§ TASK
In the records below, repeat exactly the lines between the line holding "AUBERGINE LITTLE FINGERS" and the line holding "Наталья Кузнецова", inclusive, and drop the pictures.

§ DATA SHOWN
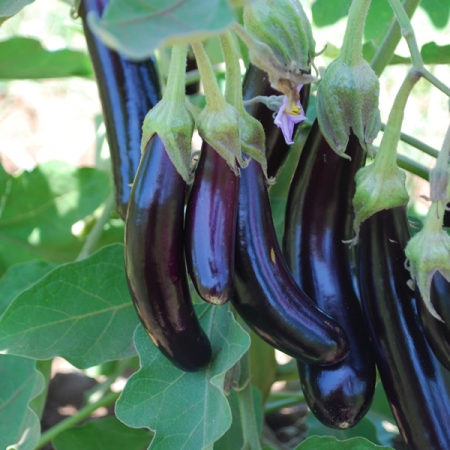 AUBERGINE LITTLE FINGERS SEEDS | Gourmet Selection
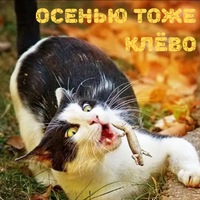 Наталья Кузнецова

...

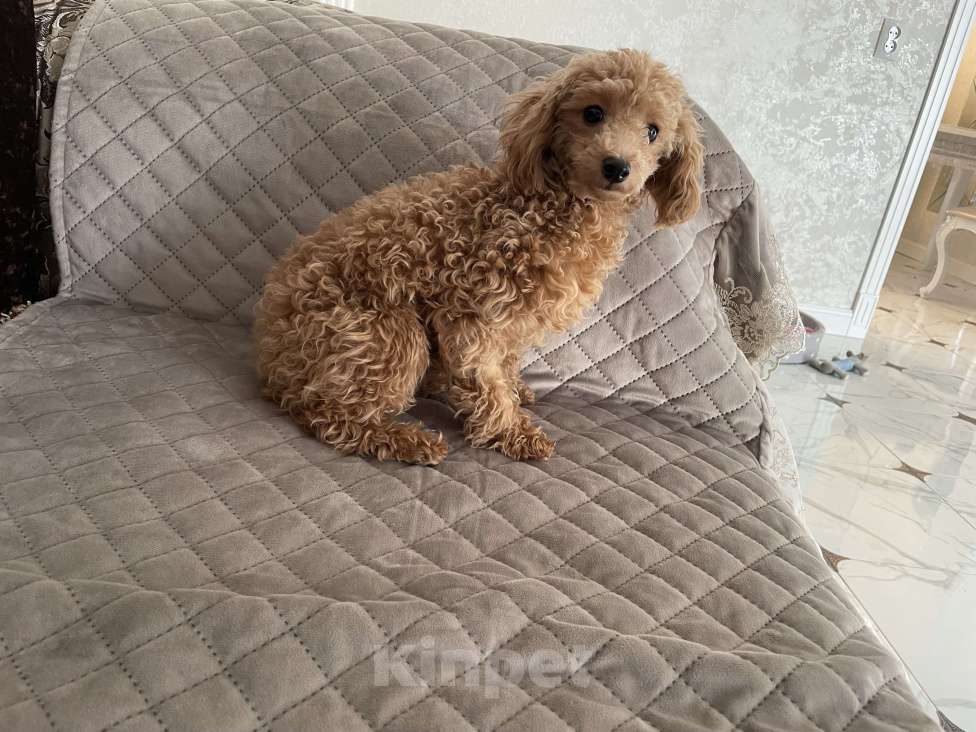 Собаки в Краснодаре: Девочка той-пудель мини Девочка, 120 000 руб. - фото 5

§ RESULT OF THE TASK
 AUBERGINE LITTLE FINGERS SEEDS | Gourmet Selection
 Наталья Кузнецова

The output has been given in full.